#### [Required action]
Please give back word for word the lines of the material below between the line containing "9 x 5 is 45, 10" and the line containing "This is the", inclusive.

#### [Dataset entries]
━━━

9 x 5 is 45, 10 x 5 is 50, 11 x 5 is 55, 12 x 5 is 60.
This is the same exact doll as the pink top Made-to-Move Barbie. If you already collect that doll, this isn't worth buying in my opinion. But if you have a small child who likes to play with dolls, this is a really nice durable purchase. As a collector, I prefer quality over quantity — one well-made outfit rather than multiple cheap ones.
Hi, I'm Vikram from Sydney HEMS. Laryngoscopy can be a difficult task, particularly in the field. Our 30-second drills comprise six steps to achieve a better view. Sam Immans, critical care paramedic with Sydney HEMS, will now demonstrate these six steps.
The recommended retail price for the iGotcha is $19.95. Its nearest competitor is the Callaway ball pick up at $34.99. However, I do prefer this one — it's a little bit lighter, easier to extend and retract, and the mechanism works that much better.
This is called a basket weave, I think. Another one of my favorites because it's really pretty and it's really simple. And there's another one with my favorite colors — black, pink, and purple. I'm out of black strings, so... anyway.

━━━

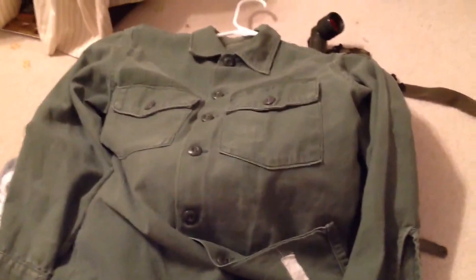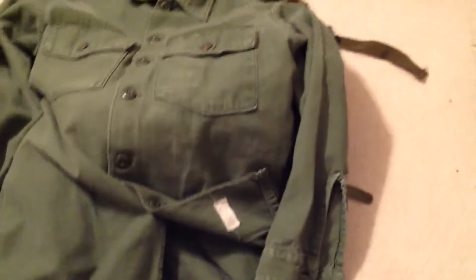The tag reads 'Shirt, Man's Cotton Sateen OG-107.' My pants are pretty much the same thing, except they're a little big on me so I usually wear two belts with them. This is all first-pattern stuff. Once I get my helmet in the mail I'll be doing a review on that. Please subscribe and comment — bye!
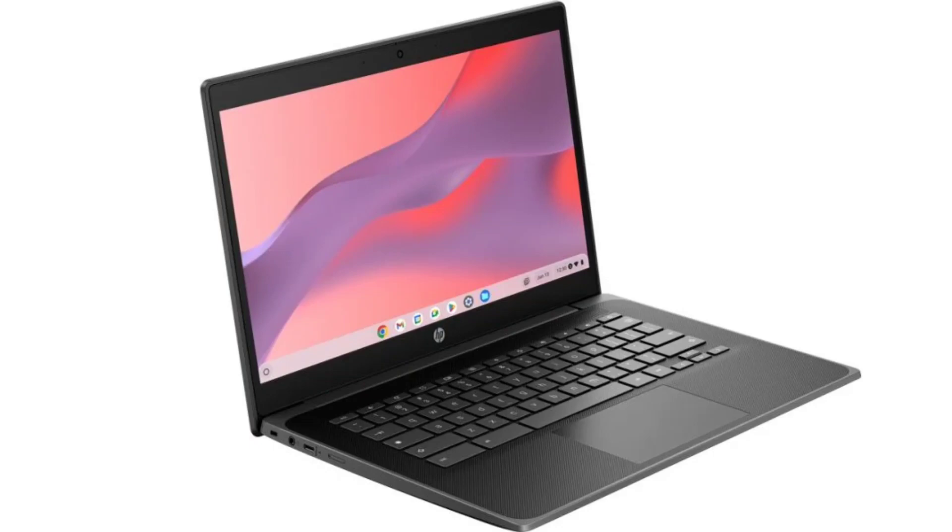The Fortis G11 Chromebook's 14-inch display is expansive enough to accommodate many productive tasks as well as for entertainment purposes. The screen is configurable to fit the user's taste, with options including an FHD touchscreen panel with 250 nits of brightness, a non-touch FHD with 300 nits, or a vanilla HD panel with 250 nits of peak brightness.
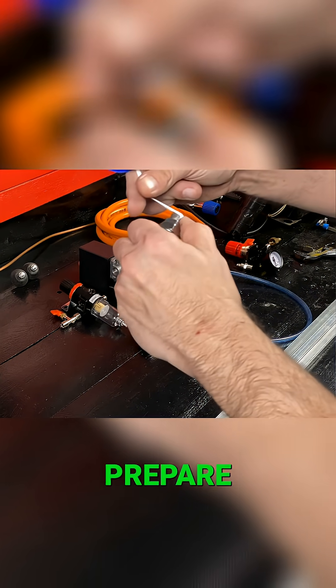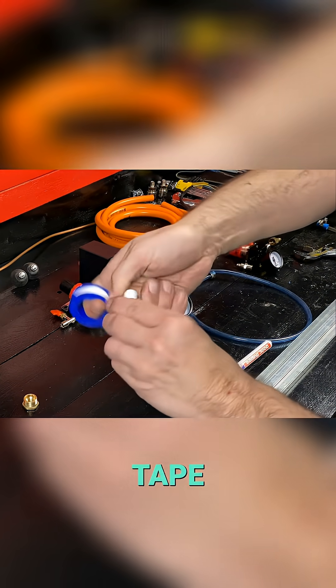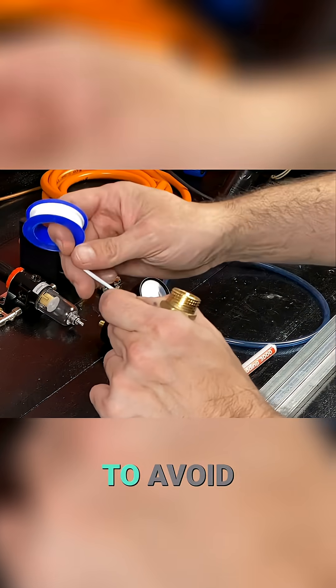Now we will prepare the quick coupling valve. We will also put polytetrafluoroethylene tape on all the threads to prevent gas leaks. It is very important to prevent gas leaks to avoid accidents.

━━━

#### [Answer]
9 x 5 is 45, 10 x 5 is 50, 11 x 5 is 55, 12 x 5 is 60.
This is the same exact doll as the pink top Made-to-Move Barbie. If you already collect that doll, this isn't worth buying in my opinion. But if you have a small child who likes to play with dolls, this is a really nice durable purchase. As a collector, I prefer quality over quantity — one well-made outfit rather than multiple cheap ones.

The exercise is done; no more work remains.